At the time of writing, the Fire Safety Bill is about to enter its committee stage in the House of Lords, the government is reviewing the responses to its fire safety consultation and the Housing, Communities and Local Government Select Committee is writing its report to assist the pre-legislative scrutiny of the draft Building Safety Bill.
Whilst we welcome these changes and the investment that has been made so far, we have also expressed frustration at the pace of building remediation to date. Whilst we support government with our technical expertise and understanding of the sector, where we do not think the legislation goes far enough, or more clarification is required, we continue to challenge and push for changes.
One of the areas where we have taken action recently is around concerns about how waking watches are operating. Earlier this month a group of professional organisations, led by the NFCC, updated the simultaneous evacuation guidance, introducing a number of key changes.
Although remediation is the best way to ensure building safety, a proportionate approach to interim safety measures is required before remediation is completed. The guidance reinforced the expectation that building owners should install common fire alarms as quickly as possible to reduce or remove the dependence on waking watches. It also provides a clear distinction between waking watch and evacuation management as separate roles and emphasises that residents can carry out waking watches and/or evacuation management duties so long as they are appropriately trained.

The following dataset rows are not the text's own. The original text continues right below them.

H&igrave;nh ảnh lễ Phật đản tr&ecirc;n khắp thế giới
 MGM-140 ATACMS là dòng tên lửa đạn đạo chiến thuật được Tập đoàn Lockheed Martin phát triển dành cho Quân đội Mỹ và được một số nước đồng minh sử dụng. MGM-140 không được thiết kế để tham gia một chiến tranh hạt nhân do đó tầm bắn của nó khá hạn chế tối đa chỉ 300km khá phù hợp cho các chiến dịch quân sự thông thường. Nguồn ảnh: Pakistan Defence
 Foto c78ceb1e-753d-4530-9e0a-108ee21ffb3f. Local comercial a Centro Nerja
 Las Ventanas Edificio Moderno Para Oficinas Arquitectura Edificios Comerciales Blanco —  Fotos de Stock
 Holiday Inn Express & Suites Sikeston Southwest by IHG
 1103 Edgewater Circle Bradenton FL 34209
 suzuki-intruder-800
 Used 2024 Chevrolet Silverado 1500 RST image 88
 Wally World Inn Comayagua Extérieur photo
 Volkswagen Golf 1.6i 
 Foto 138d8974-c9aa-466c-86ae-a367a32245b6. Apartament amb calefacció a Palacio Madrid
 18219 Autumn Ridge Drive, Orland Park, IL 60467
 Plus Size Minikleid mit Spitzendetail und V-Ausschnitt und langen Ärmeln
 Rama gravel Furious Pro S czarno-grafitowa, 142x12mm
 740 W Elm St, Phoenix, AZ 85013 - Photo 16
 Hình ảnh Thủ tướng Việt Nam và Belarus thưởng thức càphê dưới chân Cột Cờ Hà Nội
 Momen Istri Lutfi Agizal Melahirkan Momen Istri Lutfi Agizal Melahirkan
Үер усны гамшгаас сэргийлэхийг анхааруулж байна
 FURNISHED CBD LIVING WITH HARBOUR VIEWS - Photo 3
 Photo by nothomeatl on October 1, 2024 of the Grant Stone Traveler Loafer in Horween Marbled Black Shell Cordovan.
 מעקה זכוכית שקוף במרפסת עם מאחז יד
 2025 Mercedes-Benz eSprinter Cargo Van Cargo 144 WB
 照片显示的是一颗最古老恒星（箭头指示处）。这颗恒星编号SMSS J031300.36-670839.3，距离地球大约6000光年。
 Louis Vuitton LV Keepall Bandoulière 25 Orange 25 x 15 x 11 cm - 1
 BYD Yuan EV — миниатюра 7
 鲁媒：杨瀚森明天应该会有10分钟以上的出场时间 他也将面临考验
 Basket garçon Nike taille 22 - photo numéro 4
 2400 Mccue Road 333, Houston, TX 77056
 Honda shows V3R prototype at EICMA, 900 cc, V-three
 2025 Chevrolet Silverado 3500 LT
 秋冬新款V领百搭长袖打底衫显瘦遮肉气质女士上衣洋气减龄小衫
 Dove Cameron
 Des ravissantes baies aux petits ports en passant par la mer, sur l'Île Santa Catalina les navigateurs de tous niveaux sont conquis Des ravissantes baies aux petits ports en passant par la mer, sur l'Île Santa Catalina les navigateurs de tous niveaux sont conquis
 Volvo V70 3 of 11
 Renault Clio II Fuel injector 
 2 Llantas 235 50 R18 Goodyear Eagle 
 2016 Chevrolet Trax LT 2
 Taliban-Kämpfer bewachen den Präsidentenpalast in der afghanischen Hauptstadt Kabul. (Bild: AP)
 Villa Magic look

“It is important to reiterate that the NFCC did not create the concept of waking watch and it remains our view that the best way to remove the risk to residents is to fix the building”
The guidance also provides new definitions. Short-term: the time required to formulate a longer-term remediation plan, as soon as practically possible and no longer than 12 months; and temporary: non-permanent measures implemented to mitigate an unacceptable risk in a building, as an interim measure, adopted for the safety of residents while works to rectify the identified fire safety failings are carried out.
It is important to reiterate that the NFCC did not create the concept of waking watch and it remains our view that the best way to remove the risk to residents is to fix the building.
Waking watches have been used prior to this current building safety crisis as a short-term measure in buildings with increased fire risks and should only be used temporarily. They should not be the first measure to mitigate risk and the government’s Consolidated Advice Note provides guidance on this. The Advice Note, Advice for Building Owners of Multi-storey, Multi-occupied Residential Buildings, clearly sets out the list of steps to consider, including other possible interim measures, before a decision is taken to move from a ‘stay put’ strategy to a ‘simultaneous evacuation strategy’ and implementing a waking watch.
Of course, we have huge sympathy for the plight of residents in buildings with non-compliant cladding systems and inherent building deficiencies; this situation is not the fault of residents, nor is it the fault of fire and rescue services who are doing their best to mitigate the risk. We do not believe that the costs of serious building defects should end with leaseholders and have called on government for support and to consider more ways of how costs can be recovered from those who design and construct buildings.
Whilst publishing the updated guidance was an important step, we are now looking at how we can best raise awareness of the changes. For example, we are working closely with the insurance industry, reinforcing the message that waking watches should only be considered when all other interim risk mitigation measures have been found to be insufficient in managing the risk. This collaborative work continues.
There are continued concerns relating to the EWS1 form and its impact on the housing market. We understand that EWS1 guidance is currently being reviewed by the Royal Institute of Chartered Surveyors.
The NFCC continues to work closely with government and stakeholders to ensure that the measures being introduced are practical, enforceable and, most importantly, will help deliver safer buildings for residents.